Il y a quelques semaines, dans un sondage réalisé
sur le Journal du Net, près de la moitié
des internautes avouaient ne pas savoir ce qu'est un MVNO.
Pouvez-vous faire le point sur cette notion ?
Ramzi Saidani. Dit simplement, ce sont de nouveaux
entrants sur le marché de la téléphonie
mobile, qui ne possèdent pas l'ensemble des éléments
d'infrastructure constituant le réseau. Ils louent
ces éléments et achètent des minutes
en gros aux opérateurs déjà existants.
Leur domaine de compétence comprend la communication,
le marketing, ils gèrent aussi la facturation,
l'abonnement et la relation client. Les MVNO sont apparus
en Scandinavie dès 1997 et dans plusieurs autres
pays européens. A la même période,
le concept s'est étendu en Asie, notamment à
Hong-Kong. Depuis quelques années les MVNO se sont également
beaucoup développés aux Etats-Unis.
Quelle différence entre
MVNO, full-MVNO et les accords commerciaux passés
notamment entre M6 et Orange ou entre Bouygues Telecom
et Universal Mobile ?
Les frontières entre opérateurs et opérateurs
virtuels sont de plus en plus compliquées, l'apparition
d'autres acteurs ayant alimenté le flou. M6 ou
Universal Mobile ne sont pas MVNO car ils ne possèdent
ni l'abonnement, ni le réseau, ni la base clients.
Au contraire des "full-MVNO", qui disposent
des éléments de réseau. Derrière
cela, apparaissent également des "service
providers" pilotés directement par les opérateurs
historiques, qui, au lieu d'accueillir un MVNO supplémentaire,
préfèrent lancer une nouvelle marque, au
positionnement différent, pour segmenter leur offre.
C'est le cas notamment de Connect en Autriche, qui a lancé
son service provider Yesss, ou de KPN en Allemagne
qui a lancé Simyo.
Où en est
le développement des MVNO en Europe ?
Les niveaux de développement sont très disparates.
En Europe du Nord, le phénomène est déjà
bien installé, surtout au Danemark, où ils
représentent plus de 23 % du marché.
La part de marché se situe autour des 15 %
en Norvège et 13 % en Finlande. Suit de près
le Royaume-Uni, où les MVNO sont un vrai succès
commercial, avec une part de marché globale de
plus de 10 % et des opérateurs comme Virgin,
Tesco et BT qui fonctionnent bien. Les Pays-Bas connaissent
également une montée en puissance des MVNO notamment avec
Tele2 qui dispose de près de 4 % de part de marché.
Puis vient un groupe de pays intermédiaires, comme
la Belgique et la France, où plusieurs acteurs
sont apparus et ont capté une part de marché
limitée.

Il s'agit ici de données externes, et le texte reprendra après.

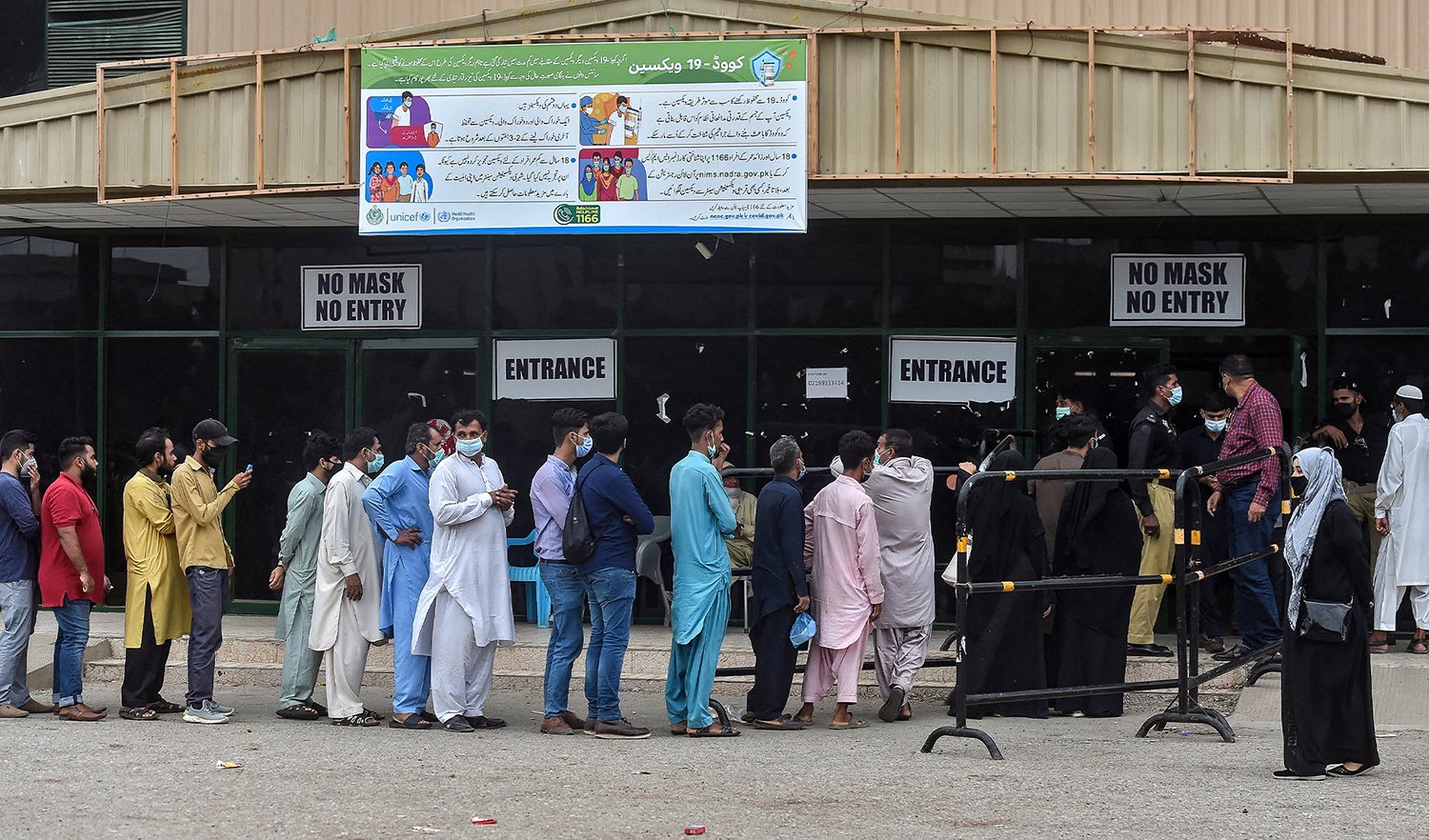 People gather in large numbers and queue up to register themselves and get inoculated with the coronavirus vaccine at a vaccination centre in Karachi, Pakistan, on July 29, 2021. (AFP)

Ensuite, plusieurs MVNO ont pu être
créés ponctuellement, en Europe de l'Est
notamment. Dans ce domaine, un vrai clivage est apparu
entre l'Europe du Nord et l'Europe du Sud, où la
situation est bloquée, en Grèce, en Italie
et au Portugal.
Quels sont les facteurs de
succès pour qu'un MVNO s'implante et réussisse
dans un pays ?
D'abord un cadre juridique propice, même si certains
pays ont pu s'en passer. Puis un potentiel de primo-accédants
important, comme c'est le cas en France ou en Allemagne,
où le taux de pénétration du mobile
n'est pas au niveau du reste de l'Europe. Les MVNO peuvent
aussi s'implanter dans des pays où il existe de
fortes différences géographiques, sur des
offres ciblées localement. Enfin, des marchés
où les potentiels de certains segments n'ont pas
encore été exploités : les entreprises,
par exemple.
Les MVNO ont-ils une chance
de déboucher sur de vrais opérateurs venant
concurrencer les autres acteurs du marché ?
En France, il est peu probable que nous ayons affaire
à des "full-MVNO", les opérateurs
historiques n'étant pas vraiment favorables à
ce genre d'accords. Mais ailleurs, on a déjà
assisté à ce phénomène. En
Finlande, par exemple, on peut considérer que Saunalahti
est passé de service provider au statut de full-MVNO.
Il pourrait même obtenir une licence dans les mois qui
viennent pour le développement d'un réseau d'infrastructure.
Il faut signaler enfin que certains des MVNO qui ont plutôt
bien réussi à l'étranger se sont
ensuite fait racheter par un opérateur plus important.
Quels sont les positionnements
les plus porteurs pour un MVNO ?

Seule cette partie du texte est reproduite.